La diaspora mise sur l’immobilier

Depuis peu, les Algériens de l’étranger privilégient la pierre comme valeur refuge en Algérie.

Depuis que l’État algérien a mis en place des mesures pour faciliter l’investissement de la communauté à l’étranger dans l’immobilier en Algérie, notamment par le biais de virements bancaires depuis l’étranger, les expatriés orientent leurs capitaux vers le logement pour investir ou avoir un pied à terre dans le pays de leurs origines.

« La diaspora est présente en force sur ce marché, notamment les Franco-Algériens. Ils investissent dans l’achat de résidences haut standing réalisées par des promoteurs privés. D’ailleurs, 80 % de notre chiffre d’affaires se fait avec les émigrés », nous dit la gérante de La Résidence.

Cette agence fait face à d’autres contraintes aussi bien pour la vente que pour la location. En cause : l’obligation pour les clients (nationaux et étrangers) d’obtenir une autorisation nominative préalable des services de sécurité.

« Cela concerne tous les quartiers situés sur les hauteurs d’Alger comme Hydra, El Biar, le Golf, Ben Aknoun et même Alger-Centre », explique la gérante. « Le feu vert n’est accordé qu’au bout de 6 mois, refroidissant les éventuels clients qui finissent par renoncer à leurs projets ».

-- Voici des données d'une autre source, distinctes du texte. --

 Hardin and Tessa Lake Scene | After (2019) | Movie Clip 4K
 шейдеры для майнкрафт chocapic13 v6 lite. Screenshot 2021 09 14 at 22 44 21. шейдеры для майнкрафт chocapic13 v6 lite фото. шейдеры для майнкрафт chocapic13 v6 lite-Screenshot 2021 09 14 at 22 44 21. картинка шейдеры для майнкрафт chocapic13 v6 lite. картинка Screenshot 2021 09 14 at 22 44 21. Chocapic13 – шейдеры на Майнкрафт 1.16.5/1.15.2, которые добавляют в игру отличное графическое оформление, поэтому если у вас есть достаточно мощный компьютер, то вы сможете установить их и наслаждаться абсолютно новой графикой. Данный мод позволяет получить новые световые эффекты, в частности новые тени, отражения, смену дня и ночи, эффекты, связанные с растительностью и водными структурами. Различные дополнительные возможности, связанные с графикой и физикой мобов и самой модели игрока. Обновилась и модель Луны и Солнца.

Chez les notaires, les acheteurs et les vendeurs ne se bousculent pas.

« Aujourd’hui, si vous faites une ou deux ventes par mois, c’est énorme. Le rythme a beaucoup baissé depuis le début de l’année en raison de la nouvelle loi sur le paiement, mais aussi à cause de la crise. Ceux qui ont thésaurisé de l’argent ne veulent pas le mettre dans les banques qui sont devenues très exigeantes en matière de l’origine des fonds », explique un notaire.

En Algérie, la suppression du cash dans le paiement a entraîné une baisse des opérations dans le marché immobilier. Un marché structuré depuis janvier dernier afin de lutter contre le marché informel et l’évasion fiscale.

Selon la Fédération nationale des agences immobilières (FNAI), ces nouvelles dispositions devraient conduire à une stabilisation, voire à une baisse des prix des biens immobiliers.

En attendant, les clients sont rares à franchir le seuil des agences immobilières, happés par les courtiers. Des méthodes déloyales, dénoncées par les professionnels de ce secteur aujourd’hui en souffrance.